* [YOUR INSTRUCTIONS]:
Go through the entries below and print, exactly, the lines starting at the one with "GORRA ARMANI EXCHANGE" and ending at the one with "Sol Casino logó", keeping both ends and no others.

* [Collected data]:
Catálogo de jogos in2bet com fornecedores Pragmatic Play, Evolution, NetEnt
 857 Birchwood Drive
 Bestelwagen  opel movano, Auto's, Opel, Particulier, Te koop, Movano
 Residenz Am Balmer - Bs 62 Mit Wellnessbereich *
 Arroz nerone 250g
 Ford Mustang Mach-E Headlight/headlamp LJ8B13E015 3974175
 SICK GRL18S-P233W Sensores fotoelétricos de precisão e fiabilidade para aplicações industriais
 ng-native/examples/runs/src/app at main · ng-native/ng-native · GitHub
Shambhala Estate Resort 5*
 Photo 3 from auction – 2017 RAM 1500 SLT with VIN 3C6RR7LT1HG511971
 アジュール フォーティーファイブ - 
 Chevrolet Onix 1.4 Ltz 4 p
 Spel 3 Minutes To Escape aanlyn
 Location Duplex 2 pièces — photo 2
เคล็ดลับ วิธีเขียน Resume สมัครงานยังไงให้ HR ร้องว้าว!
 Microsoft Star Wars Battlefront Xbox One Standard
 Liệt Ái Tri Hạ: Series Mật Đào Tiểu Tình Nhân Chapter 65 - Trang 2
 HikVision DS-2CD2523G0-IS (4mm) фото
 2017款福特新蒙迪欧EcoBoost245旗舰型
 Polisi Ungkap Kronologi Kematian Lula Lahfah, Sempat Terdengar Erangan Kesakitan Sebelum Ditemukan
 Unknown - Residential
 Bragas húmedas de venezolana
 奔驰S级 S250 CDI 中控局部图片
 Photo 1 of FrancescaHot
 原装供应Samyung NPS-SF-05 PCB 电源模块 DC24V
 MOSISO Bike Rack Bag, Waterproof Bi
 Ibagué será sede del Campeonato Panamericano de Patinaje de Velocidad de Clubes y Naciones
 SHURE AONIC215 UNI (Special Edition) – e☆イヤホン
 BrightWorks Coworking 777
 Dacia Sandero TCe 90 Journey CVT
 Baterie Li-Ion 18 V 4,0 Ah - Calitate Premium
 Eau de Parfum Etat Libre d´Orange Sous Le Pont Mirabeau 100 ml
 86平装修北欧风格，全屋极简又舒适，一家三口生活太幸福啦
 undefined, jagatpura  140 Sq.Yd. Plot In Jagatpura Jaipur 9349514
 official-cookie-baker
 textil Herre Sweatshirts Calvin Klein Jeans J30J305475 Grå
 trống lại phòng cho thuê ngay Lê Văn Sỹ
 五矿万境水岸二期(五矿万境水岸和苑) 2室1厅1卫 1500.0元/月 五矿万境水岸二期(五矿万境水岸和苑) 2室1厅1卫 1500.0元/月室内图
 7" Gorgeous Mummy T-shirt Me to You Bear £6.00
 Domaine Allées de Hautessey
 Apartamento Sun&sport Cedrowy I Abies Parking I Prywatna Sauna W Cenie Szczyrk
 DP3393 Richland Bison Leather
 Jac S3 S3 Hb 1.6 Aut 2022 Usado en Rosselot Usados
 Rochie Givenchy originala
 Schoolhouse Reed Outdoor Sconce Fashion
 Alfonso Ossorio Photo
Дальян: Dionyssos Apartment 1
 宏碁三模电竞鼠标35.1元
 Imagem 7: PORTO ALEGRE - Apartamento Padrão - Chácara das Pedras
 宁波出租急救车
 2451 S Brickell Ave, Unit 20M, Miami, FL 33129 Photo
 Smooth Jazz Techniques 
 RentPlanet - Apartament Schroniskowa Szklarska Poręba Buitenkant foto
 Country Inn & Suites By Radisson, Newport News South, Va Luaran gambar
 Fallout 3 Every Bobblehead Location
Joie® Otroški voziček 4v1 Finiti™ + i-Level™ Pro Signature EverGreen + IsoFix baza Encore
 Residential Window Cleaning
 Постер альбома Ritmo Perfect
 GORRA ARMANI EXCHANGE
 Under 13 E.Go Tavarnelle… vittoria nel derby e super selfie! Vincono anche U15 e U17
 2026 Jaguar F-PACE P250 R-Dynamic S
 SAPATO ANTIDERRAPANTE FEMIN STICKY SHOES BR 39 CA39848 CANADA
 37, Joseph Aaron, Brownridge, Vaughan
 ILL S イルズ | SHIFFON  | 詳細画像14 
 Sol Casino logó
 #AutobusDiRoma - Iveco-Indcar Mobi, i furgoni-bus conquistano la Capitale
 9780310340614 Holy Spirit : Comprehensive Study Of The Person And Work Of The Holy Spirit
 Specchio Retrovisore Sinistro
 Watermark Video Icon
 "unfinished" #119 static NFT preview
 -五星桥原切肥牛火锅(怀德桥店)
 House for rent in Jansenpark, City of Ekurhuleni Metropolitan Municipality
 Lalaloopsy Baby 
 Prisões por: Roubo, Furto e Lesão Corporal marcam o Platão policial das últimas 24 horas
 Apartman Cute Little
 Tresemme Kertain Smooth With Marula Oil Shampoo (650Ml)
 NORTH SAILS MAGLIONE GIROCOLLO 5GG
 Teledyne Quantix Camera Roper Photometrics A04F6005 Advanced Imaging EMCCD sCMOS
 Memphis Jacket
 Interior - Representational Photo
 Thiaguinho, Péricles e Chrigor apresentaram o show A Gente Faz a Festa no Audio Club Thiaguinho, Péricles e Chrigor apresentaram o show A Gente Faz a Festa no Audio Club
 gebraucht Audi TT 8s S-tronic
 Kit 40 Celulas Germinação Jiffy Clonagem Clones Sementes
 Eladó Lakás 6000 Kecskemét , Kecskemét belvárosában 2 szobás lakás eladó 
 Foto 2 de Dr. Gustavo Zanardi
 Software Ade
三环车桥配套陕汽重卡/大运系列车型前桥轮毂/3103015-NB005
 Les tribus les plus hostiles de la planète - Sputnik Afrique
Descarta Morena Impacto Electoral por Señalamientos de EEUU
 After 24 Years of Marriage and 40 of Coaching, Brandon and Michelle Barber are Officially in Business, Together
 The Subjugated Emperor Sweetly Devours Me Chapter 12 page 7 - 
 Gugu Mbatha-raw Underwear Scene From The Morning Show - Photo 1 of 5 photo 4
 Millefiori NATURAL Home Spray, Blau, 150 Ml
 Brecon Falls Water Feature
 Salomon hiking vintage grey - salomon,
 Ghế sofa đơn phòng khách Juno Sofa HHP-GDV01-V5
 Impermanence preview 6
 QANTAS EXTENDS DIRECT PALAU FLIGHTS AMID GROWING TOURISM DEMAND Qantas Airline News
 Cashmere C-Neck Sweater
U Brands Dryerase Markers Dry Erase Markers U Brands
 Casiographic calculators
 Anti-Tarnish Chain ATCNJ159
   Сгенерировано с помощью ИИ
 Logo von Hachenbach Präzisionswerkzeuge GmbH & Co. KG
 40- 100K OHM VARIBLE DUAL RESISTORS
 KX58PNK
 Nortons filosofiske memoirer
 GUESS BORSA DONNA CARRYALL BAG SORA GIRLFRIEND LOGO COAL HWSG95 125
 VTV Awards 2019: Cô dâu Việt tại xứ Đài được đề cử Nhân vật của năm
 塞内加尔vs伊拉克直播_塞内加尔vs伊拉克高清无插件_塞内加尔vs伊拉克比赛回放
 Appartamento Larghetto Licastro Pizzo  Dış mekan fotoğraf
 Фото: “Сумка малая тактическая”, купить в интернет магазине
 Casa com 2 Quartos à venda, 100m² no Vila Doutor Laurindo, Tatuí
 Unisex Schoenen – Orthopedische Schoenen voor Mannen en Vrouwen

* [OUTPUT BELOW]:
 GORRA ARMANI EXCHANGE
 Under 13 E.Go Tavarnelle… vittoria nel derby e super selfie! Vincono anche U15 e U17
 2026 Jaguar F-PACE P250 R-Dynamic S
 SAPATO ANTIDERRAPANTE FEMIN STICKY SHOES BR 39 CA39848 CANADA
 37, Joseph Aaron, Brownridge, Vaughan
 ILL S イルズ | SHIFFON  | 詳細画像14 
 Sol Casino logó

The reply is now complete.